4. Ongoing and serious lies
If you’ve noticed that your child’s lying is getting more frequent and they’re lying about more serious issues, it is important to make the consequences very clear.
Conversations about trust and honesty are crucial. If your child is telling lies about where they are going and what they are doing, it might be necessary to limit their freedom so they learn that lying is not the best option.
It’s also important to remember that trust must go both ways, so be a good role model and show your child respect by being truthful with them, even about things you aren’t proud of. This will teach them that it is ok to make mistakes and will help foster open and honest communication.
How to stop kids from lying
As with most things, prevention is better than a cure, so adopting right from the start parenting practices that build connection and communication is hugely beneficial.
1. Set clear expectations
Conversations about lying can begin as soon as the child is old enough to understand the difference between true and untrue.
Emphasizing the importance of honesty within your family will help your child learn what the expectations are as well as the consequences for lying.
2. Focus on relationship building
Building a solid and trusting relationship with your child will help them feel that they can disclose things to you without harsh punishment. Praising your kid when they have admitted to doing something wrong will help them learn that we all make mistakes and this is ok.
Developing a strong and secure relationship with your child will mean that they’ll be more likely to confide in you as they move into those difficult teenage years.
When responding to a teen who is deliberately telling lies, it’s important to recognize that it is not a personal attack on you. Remember to be patient, loving, and kind as you address the issue so that your teen can see you’re coming from a place of support and want to help them.
3. Be proactive wherever possible
You can make it easier for your child to not lie by thinking about situations and circumstances that might result in a lie and then try to set them up for success.

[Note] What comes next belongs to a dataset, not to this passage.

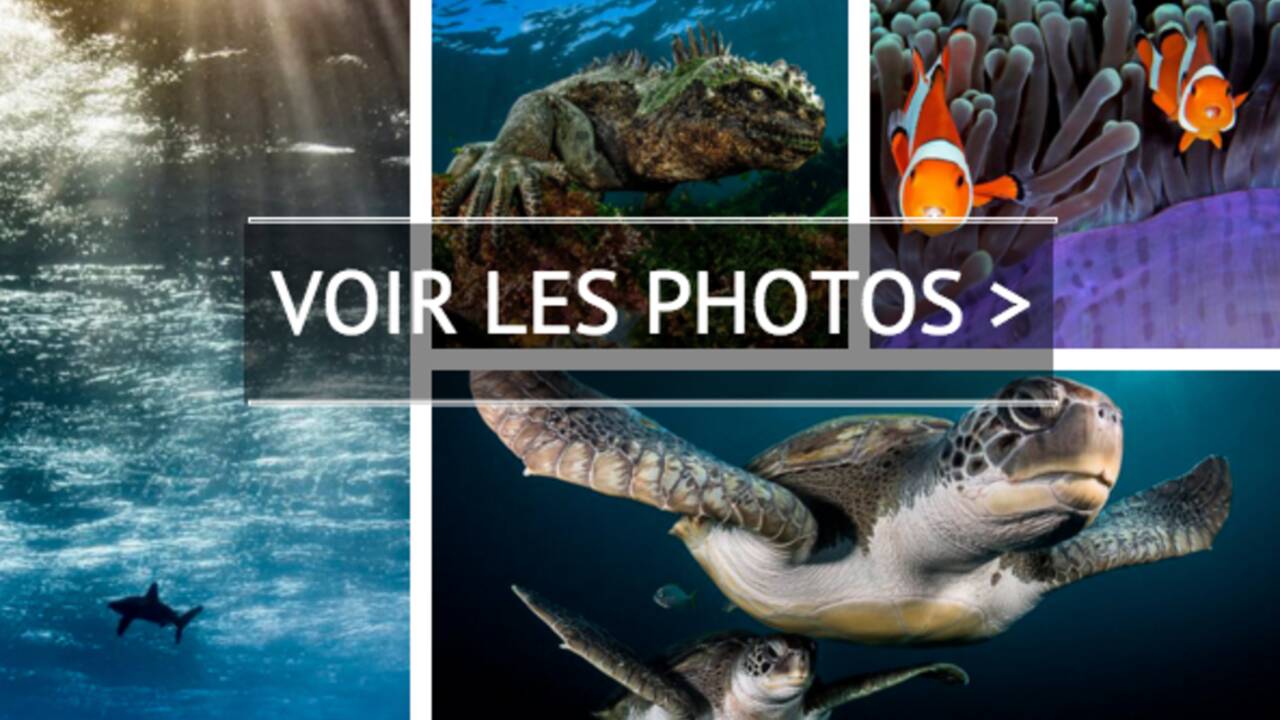 15 photos sous-marines étonnantes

I like to use sentences such as “I’m going to ask you a question, and I would really like you to give me a truthful answer” because this allows my child some thinking time and sets up a clear expectation before I actually ask the question.
4. Make honest conversations safe
One study has found that children are more likely to connect positive emotions to lying and negative emotions to confessing. The belief is that this is really about the adult reactions to these behaviors.
This means that if a child expects a parent to feel happy about them confessing to something, they are more likely to come forward. What this highlights is that as parents, we must provide a place of safety so that our children may feel they can be honest with us.
It certainly doesn’t mean that there are no consequences for lying. However, when the issue is approached in a way that’s about teaching the child why the behavior is wrong rather than punishing, the relationship between parent and child is much stronger.
A final thought
Honestly, all people lie. Whether it’s to hide something embarrassing or avoid hurting someone’s feelings, there are times when untruths kind of slip out. It is important to remember this and recognize that your child is not “bad” or “naughty” for twisting the facts; they are just using this behavior to indicate they’re feeling uncomfortable in some way.
Guiding and supporting your child through it with open communication will help them understand that there are other ways to deal with issues and that honesty is certainly the best policy.